*** Given data ***

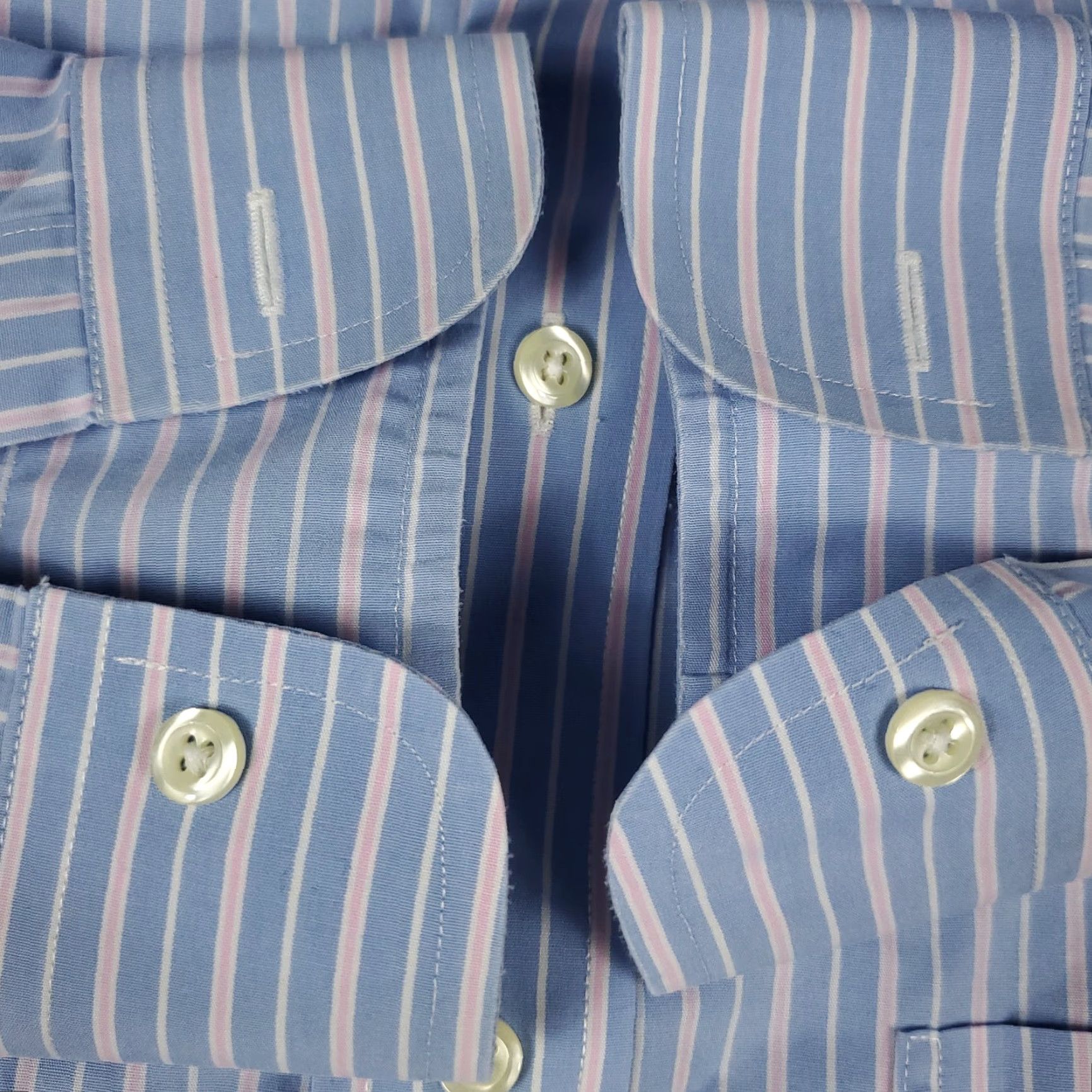Brooks Brothers Brooks Brothers Dress Shirt Mens 15 Blue Striped Long Sleeve Button Up Regular Fit Non-Iron Classic Collar Cuff Barrel Men's Shirt Size 40R - 4 Thumbnail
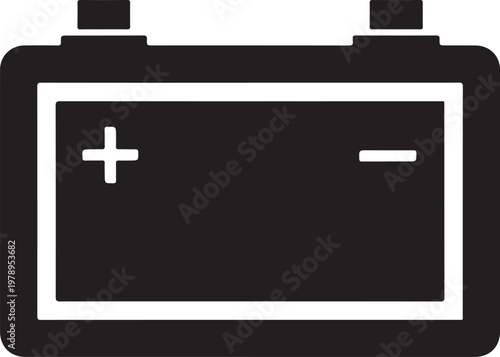 Battery icon, battery symbol, power sign, energy logo, black and white vector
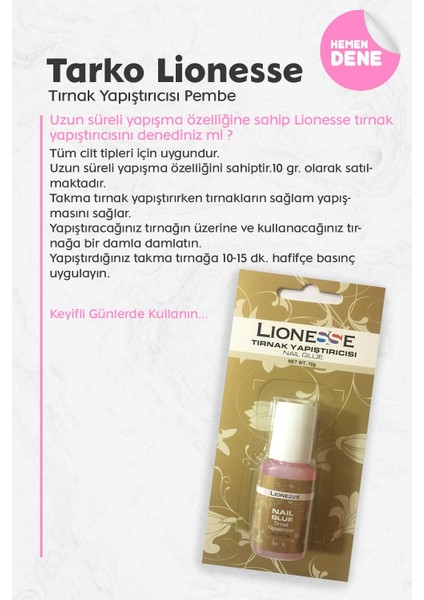 Lionesse Tırnak Yapıştırıcısı Pembe fiyatları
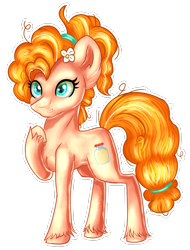 Size: 1644x2159 | Tagged: safe, artist:ilynalta, derpibooru import, pear butter, earth pony, pony, the perfect pear, applejack's mom, female, simple background, solo, speedpaint available, transparent background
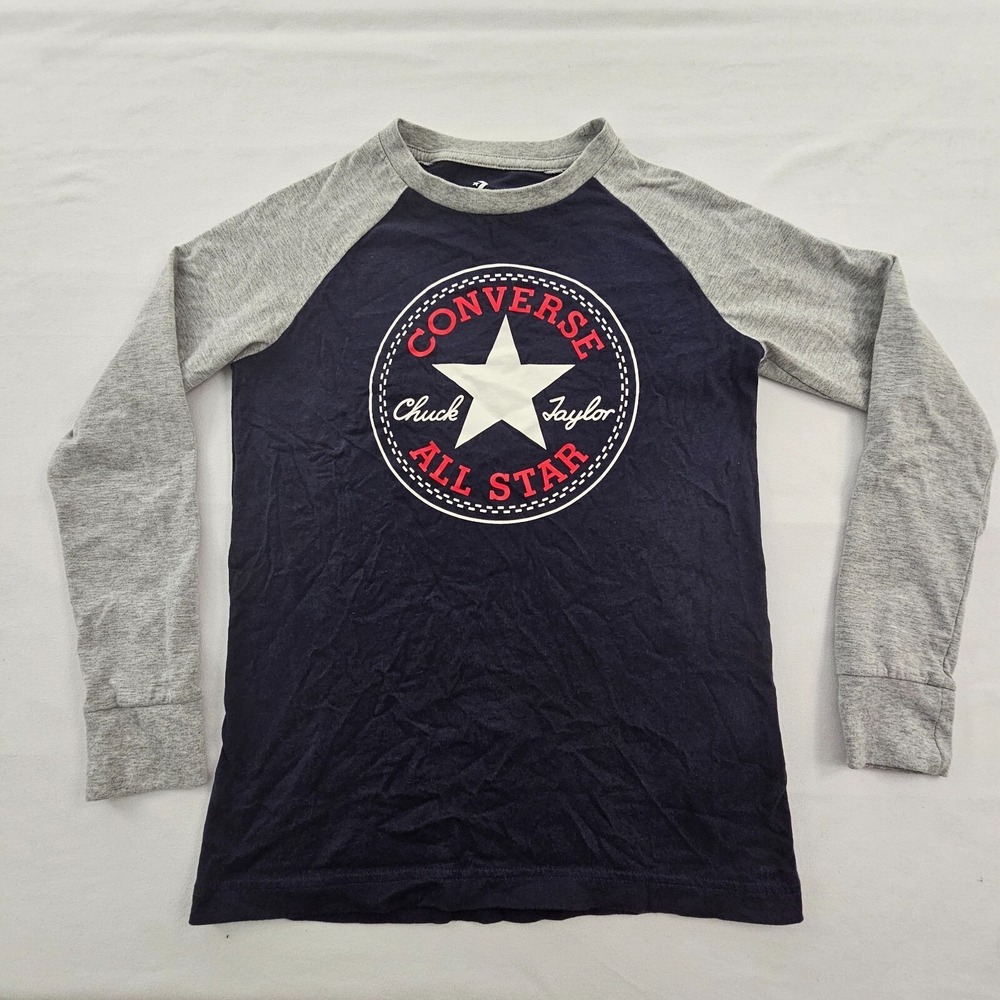 Converse All-Star Chuck Taylor Blue Long Sleeve Colorblock Cotton TShirt Youth M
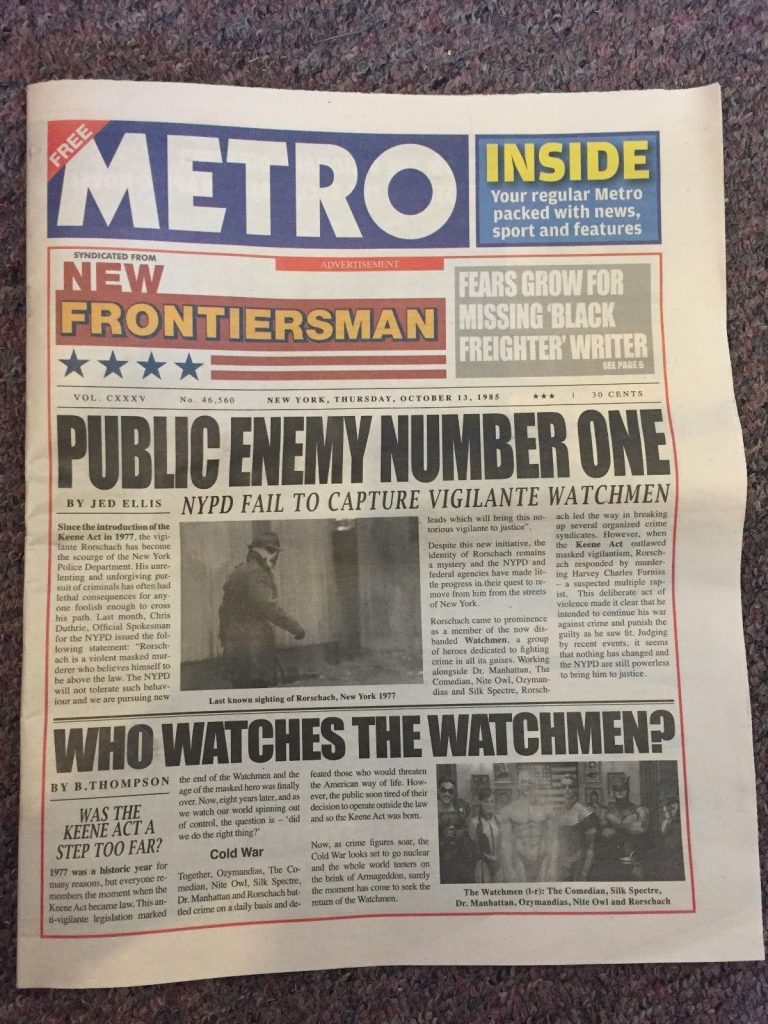 Metro Watchmen Newspaper - Cover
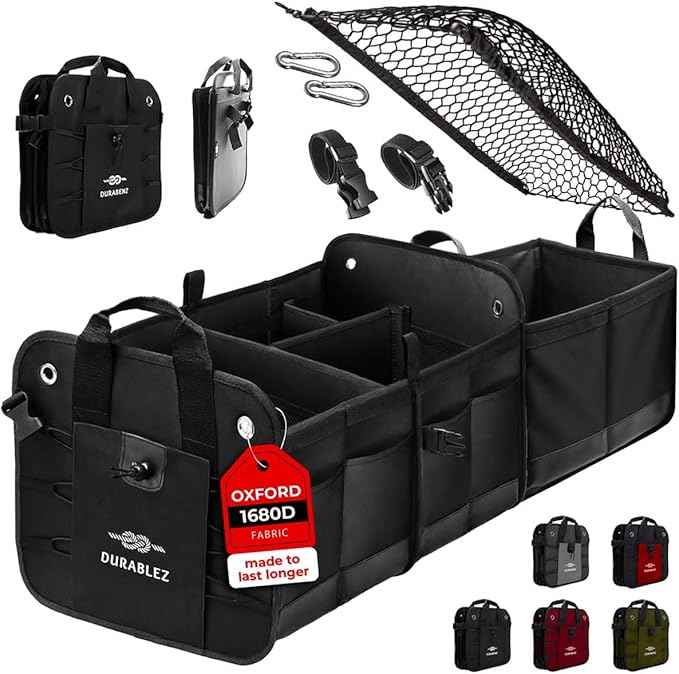 3-Section Car Trunk Organizer XL – Large Modular Auto Storage Bin, Foldable Multi-Compartment Cargo Organizer for Car Trunk, Heavy Duty 1680D Design – Black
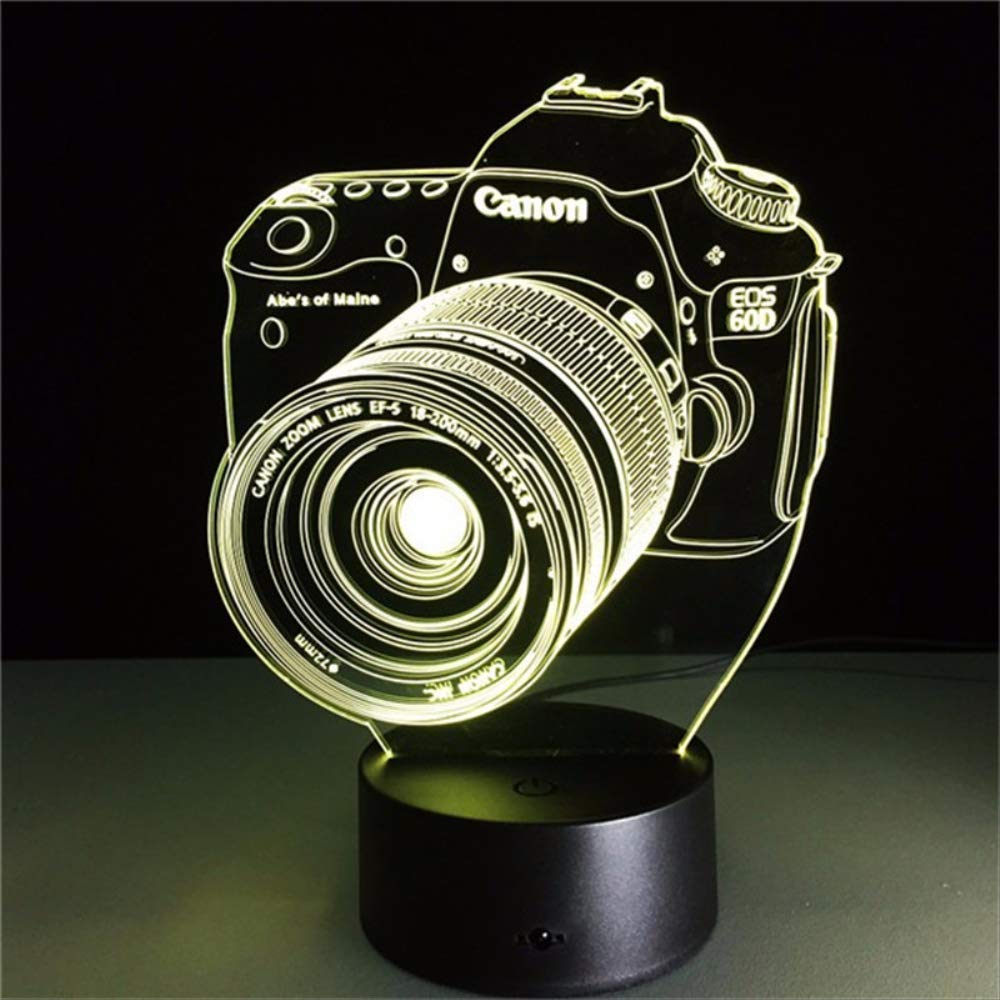 Lampada 3D Illusione Ottica A LED - Formato Fotocamera Con 7 Colori, Luci Notturne Con Telecomando E Touch, Regalo Originale Per Camera E Ufficio - 4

*** End of Given data ***

→ **What the task asks**:
Copy out exactly the lines from the one with "Battery icon, battery" through the end of the listing, both ends included, omitting any picture.

→ **Your response**:
 Battery icon, battery symbol, power sign, energy logo, black and white vector
 Lionesse Tırnak Yapıştırıcısı Pembe fiyatları
 Size: 1644x2159 | Tagged: safe, artist:ilynalta, derpibooru import, pear butter, earth pony, pony, the perfect pear, applejack's mom, female, simple background, solo, speedpaint available, transparent background
 Converse All-Star Chuck Taylor Blue Long Sleeve Colorblock Cotton TShirt Youth M
 Metro Watchmen Newspaper - Cover
 3-Section Car Trunk Organizer XL – Large Modular Auto Storage Bin, Foldable Multi-Compartment Cargo Organizer for Car Trunk, Heavy Duty 1680D Design – Black
 Lampada 3D Illusione Ottica A LED - Formato Fotocamera Con 7 Colori, Luci Notturne Con Telecomando E Touch, Regalo Originale Per Camera E Ufficio - 4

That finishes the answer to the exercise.